WHAT YOU ARE ASKED TO DO => All entries are to be copied exactly, with pictures removed.

++++++++++

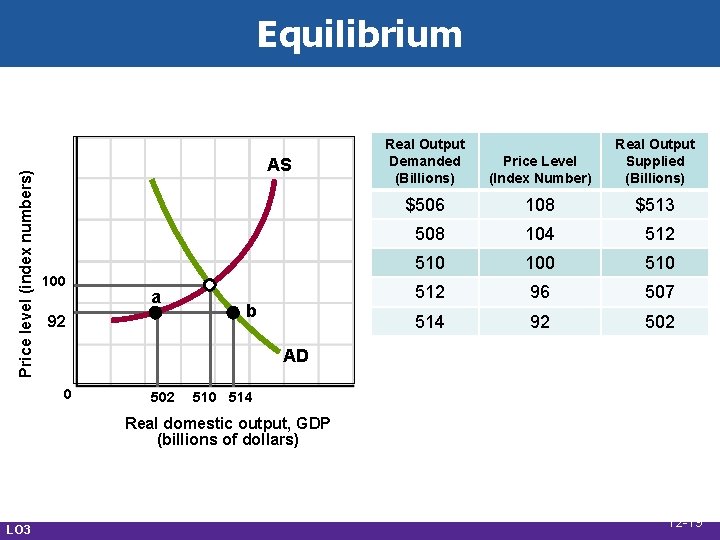 Price level (index numbers) Equilibrium AS 100 a 92 b Real Output Demanded (Billions)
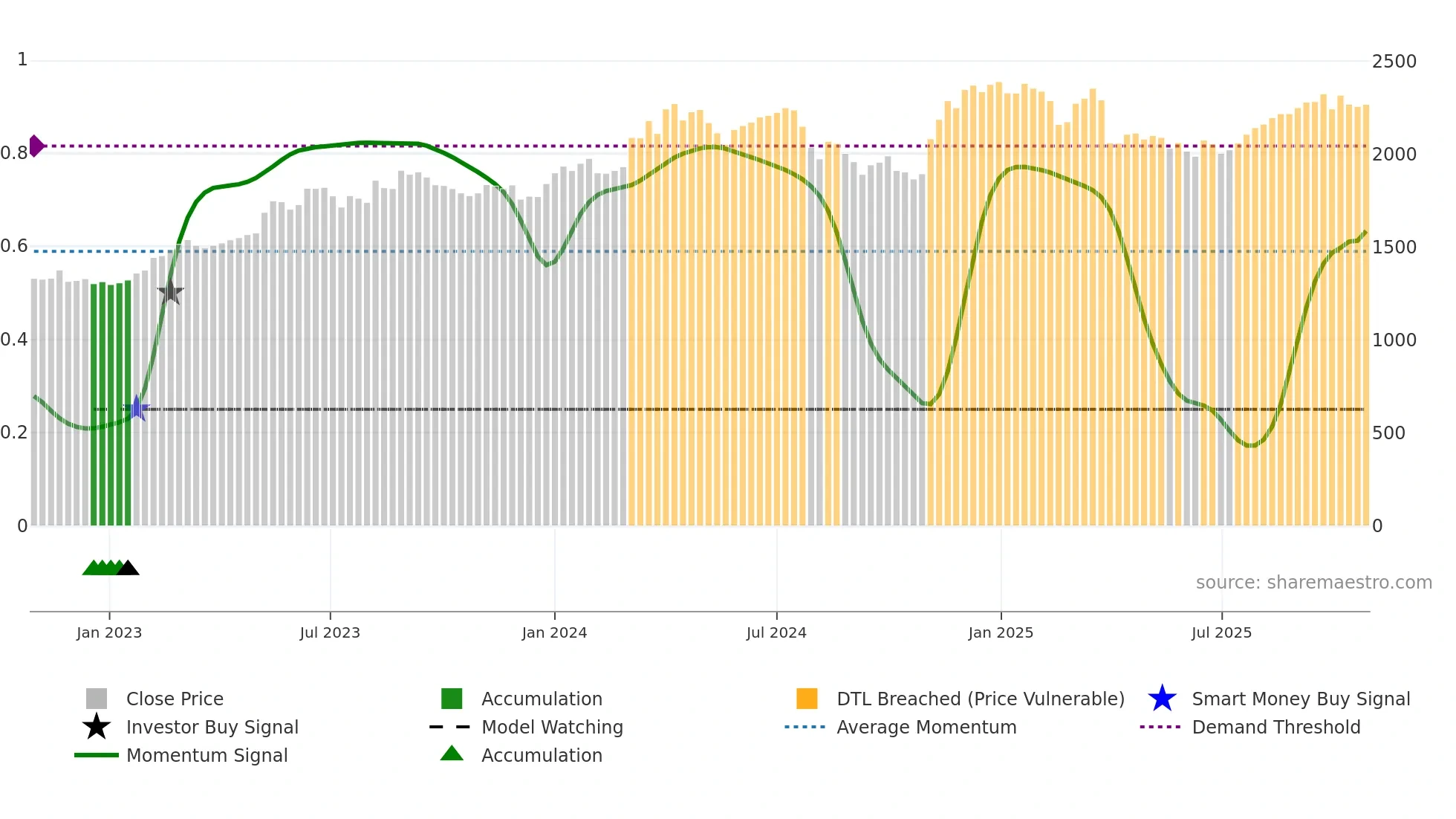 6282 weekly Smart Money chart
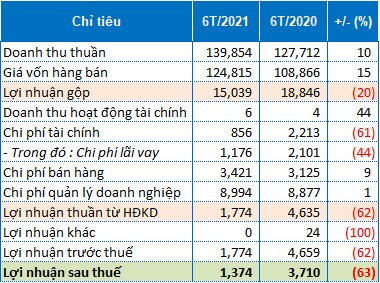 Lợi nhuận bán niên 2021 của BPC sụt giảm 63% do đâu?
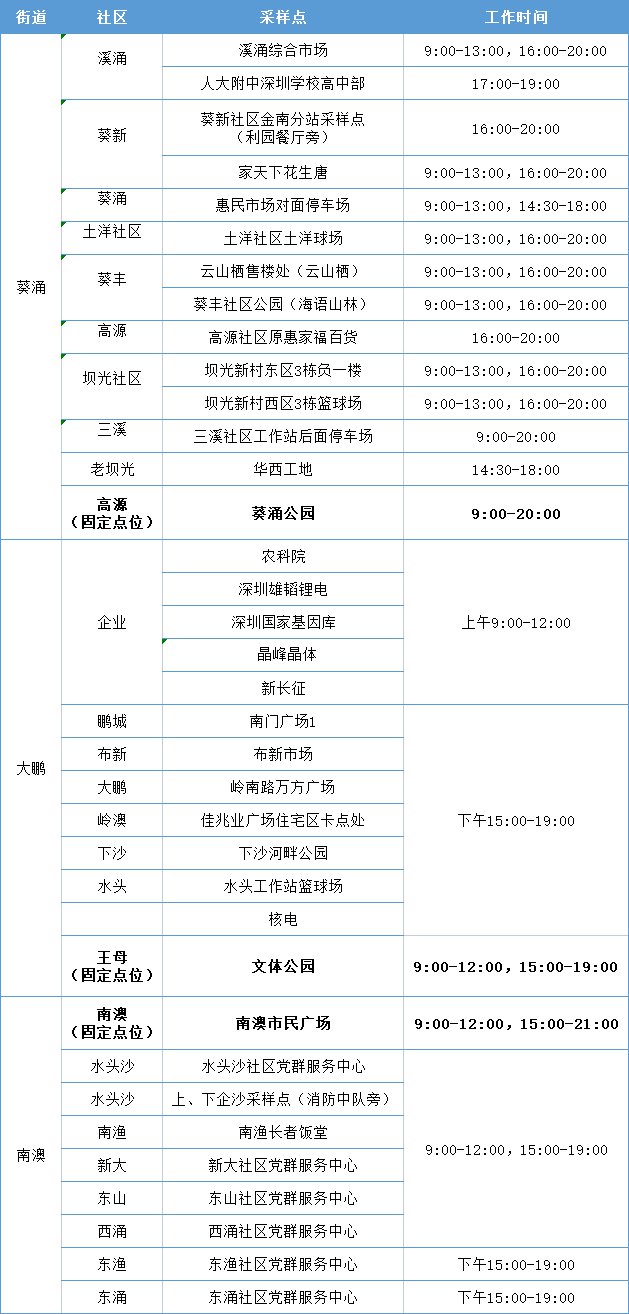 2月24日大鹏新区免费核酸检测点安排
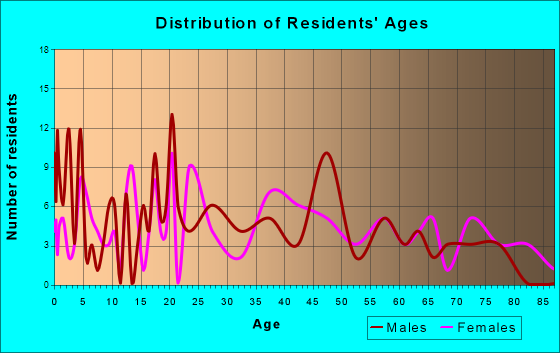 Chesapeake, Ohio Age and Sex of Residents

++++++++++

RESULT FOR THIS TASK =>
 Price level (index numbers) Equilibrium AS 100 a 92 b Real Output Demanded (Billions)
 6282 weekly Smart Money chart
 Lợi nhuận bán niên 2021 của BPC sụt giảm 63% do đâu?
 2月24日大鹏新区免费核酸检测点安排
 Chesapeake, Ohio Age and Sex of Residents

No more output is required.